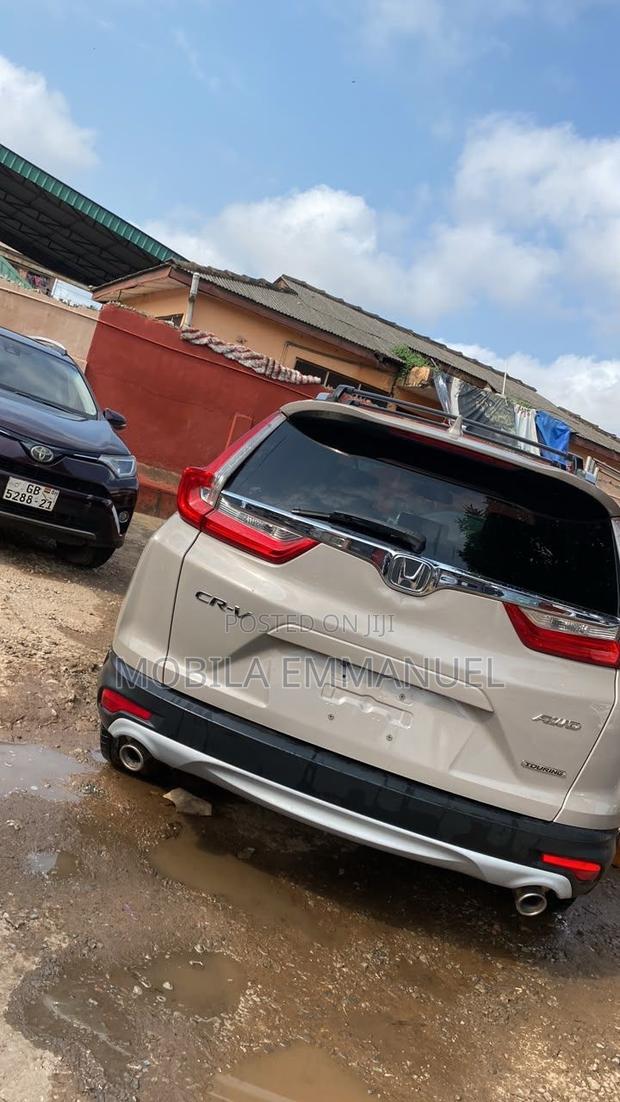 Honda CR-V Touring 4dr SUV AWD (1.5L 4cyl CVT) 2017 Gray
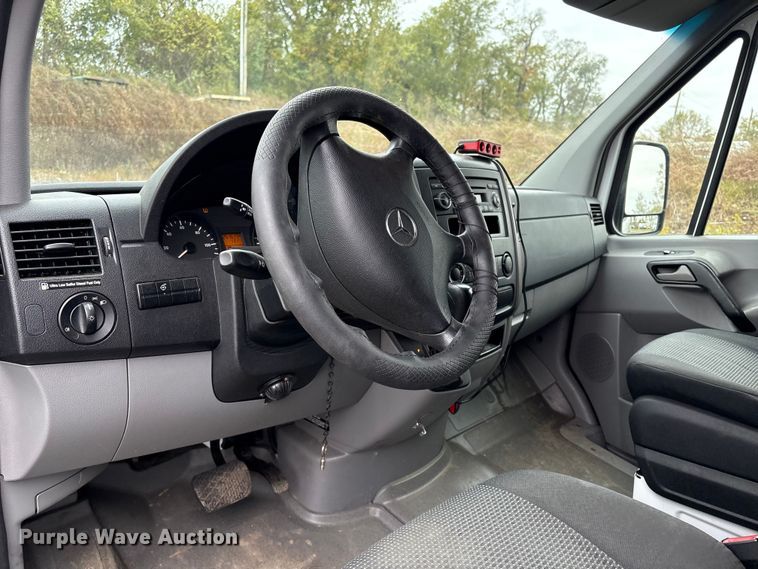 image for item EV2530 2012 Mercedes Benz Sprinter van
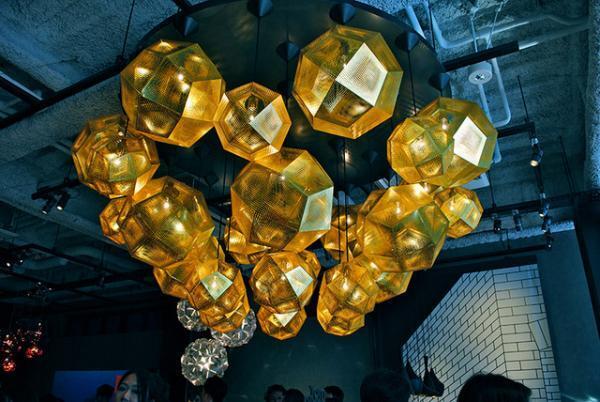 アートでミニマム「トム・ディクソン」が日本初オンリーショップを青山にオープン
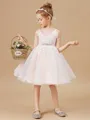 A-Line/Princess V-neck Knee-Length Tulle Junior Bridesmaid Dresses With Belt/Sash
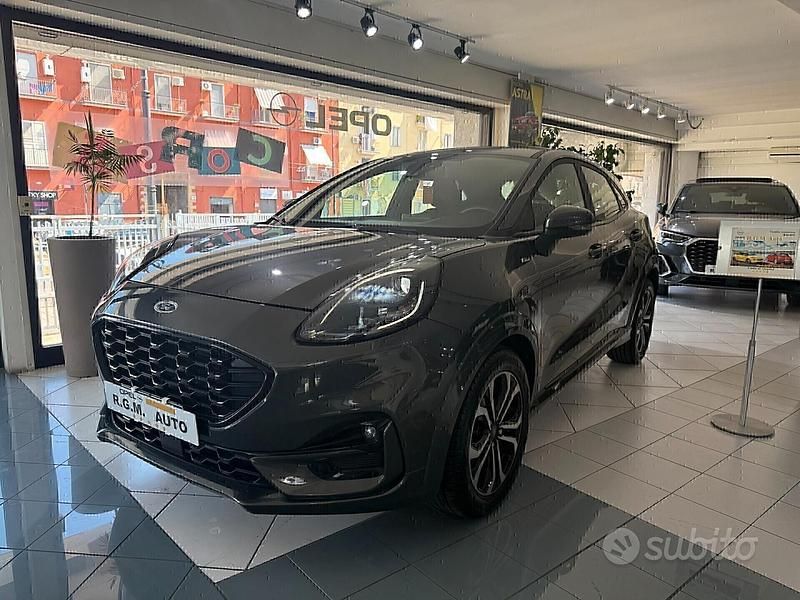 Grigio Usata 2022 Ford Puma ST-Line SUV | 17.950 € (Buon prezzo) - Immagine 1/4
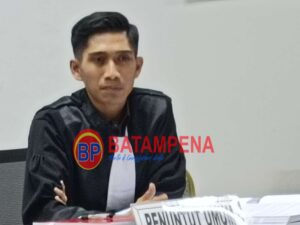 Jaksa Muhammad Arfian sebagai jaksa yang menggantikan Salomo Saing yang tidak nongol kala persidangan. (Sumber foto: JP – BatamPena.com)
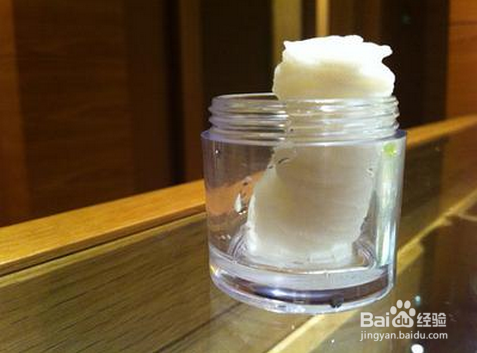 应对秋季肌肤干燥,矿泉水巧护肤,省钱安全!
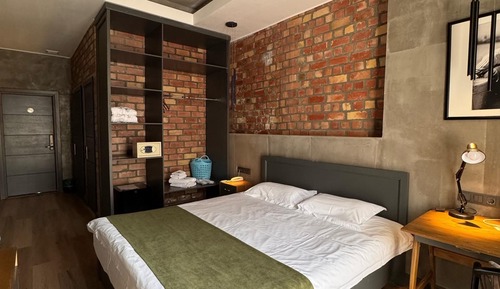 Habitación estándar con 1 cama doble o 2 individuales
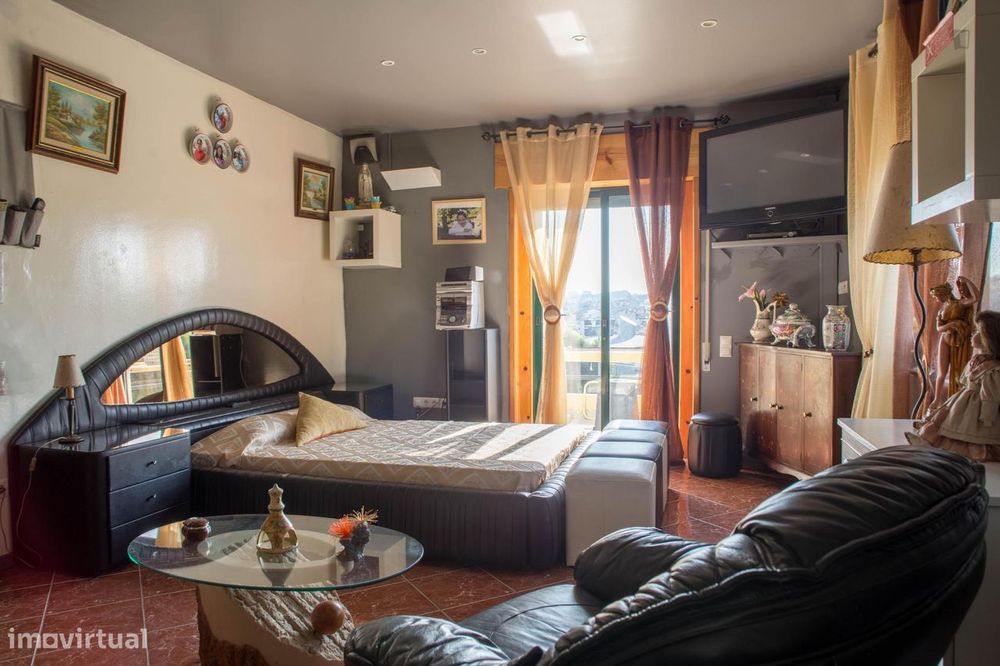 159913 - Quarto com cama de casal, com varanda...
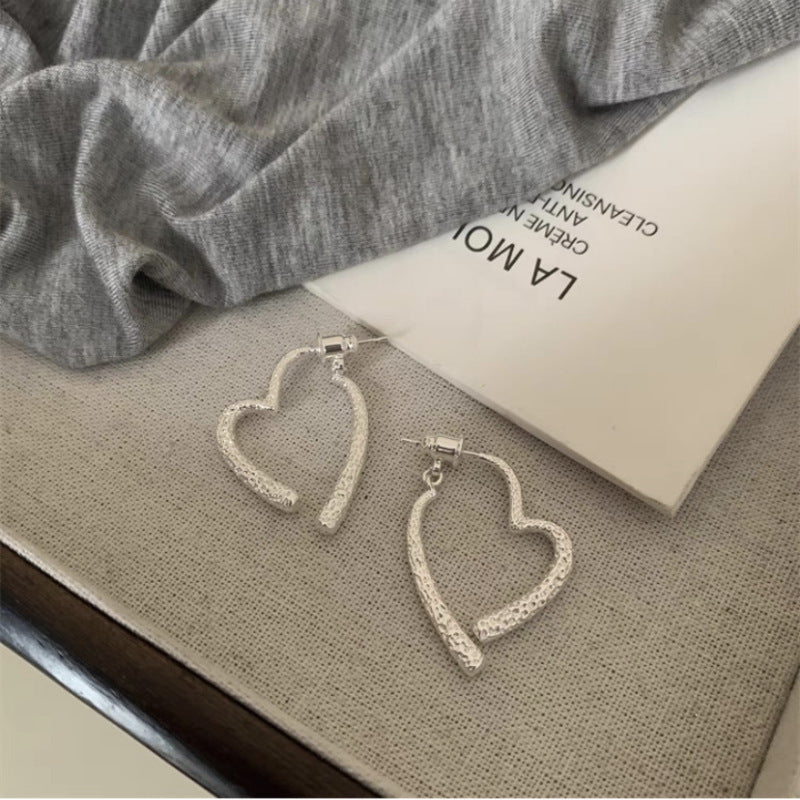 Women's Fashion Temperamental Personalized And All-match Love Heart Earrings 5d575182 038f 49ec 89a2 1ad3d5ec3fbf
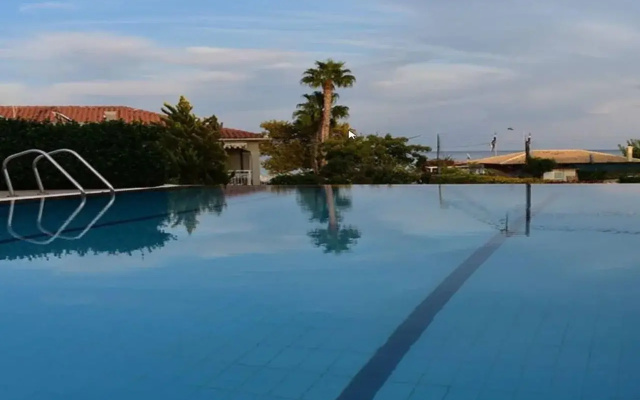 Melidron Hotel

=-=-=-=-=

**What is expected:** Leave the pictures out. Repeat every entry above exactly.

**Exercise result:**
 Honda CR-V Touring 4dr SUV AWD (1.5L 4cyl CVT) 2017 Gray
 image for item EV2530 2012 Mercedes Benz Sprinter van
 アートでミニマム「トム・ディクソン」が日本初オンリーショップを青山にオープン
 A-Line/Princess V-neck Knee-Length Tulle Junior Bridesmaid Dresses With Belt/Sash
 Grigio Usata 2022 Ford Puma ST-Line SUV | 17.950 € (Buon prezzo) - Immagine 1/4
 Jaksa Muhammad Arfian sebagai jaksa yang menggantikan Salomo Saing yang tidak nongol kala persidangan. (Sumber foto: JP – BatamPena.com)
 应对秋季肌肤干燥,矿泉水巧护肤,省钱安全!
 Habitación estándar con 1 cama doble o 2 individuales
 159913 - Quarto com cama de casal, com varanda...
 Women's Fashion Temperamental Personalized And All-match Love Heart Earrings 5d575182 038f 49ec 89a2 1ad3d5ec3fbf
 Melidron Hotel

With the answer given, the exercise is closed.